Robinson’s work away from Georgia Southwestern – range and volume – has been extensive. She has held dozens of exhibitions featuring her work in places like Los Angeles, New York City, Pittsburgh, Australia, China, Israel, and many locales in between; she has been featured in or has authored 15 published works; and Robinson has permanent collections housed at the Cincinnati Museum of Art, the Macon Museum of Arts and Sciences, the Jewish Museum in New York City and in the List College Collection at Columbia University in New York City.
Additionally, Robinson is the founding art director (1997-present) at Camp Ramah Darom, a Jewish children’s camp in Clayton, Ga., and she was President Jimmy Carter’s private art instructor for two years.
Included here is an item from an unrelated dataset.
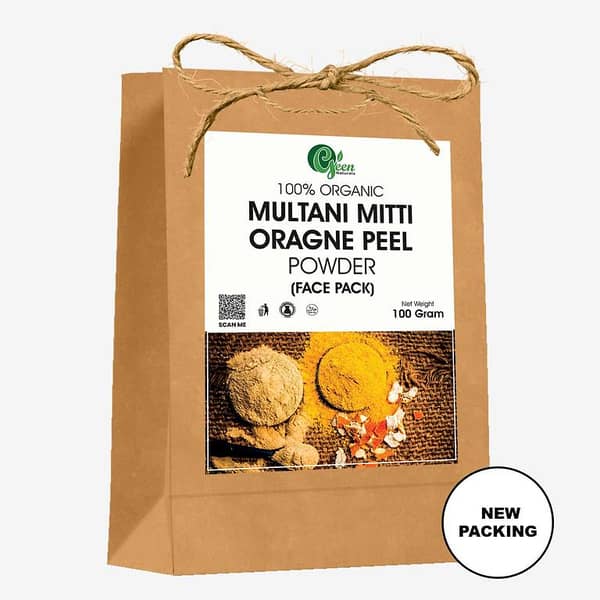 Mix of Multani Mitti and Orange Peel Powder - Natural Face Pack for Radiant Skin, 100 gm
Robinson earned a Bachelor of Fine Arts in painting/drawing/art history and a Master of Fine Arts in painting from the University of Cincinnati. With an interest in science, math and sociology, she has done post-graduate work in physics, paleoecology, math, sculpture, psychology, sociology, semiotics, advanced Hebrew, Spanish and the Romanian language at the University of California Los Angeles, the University of Tasmania in Australia, the University of Tel-Aviv in Israel (where she also served as a professor for one year), and Georgia Southwestern.
President Blanchard initiated the Featured Scholar Award in 2008 to recognize, once a year, a GSW faculty member who has made significant contributions to his or her discipline in the form of artistic accomplishment, basic research, writing, publishing, editing, presenting and grant awards. The award recipient is chosen by a committee of faculty members that represent each school and are selected by the Faculty Senate chaired by the past recipient of the award. The award carries a stipend of $500.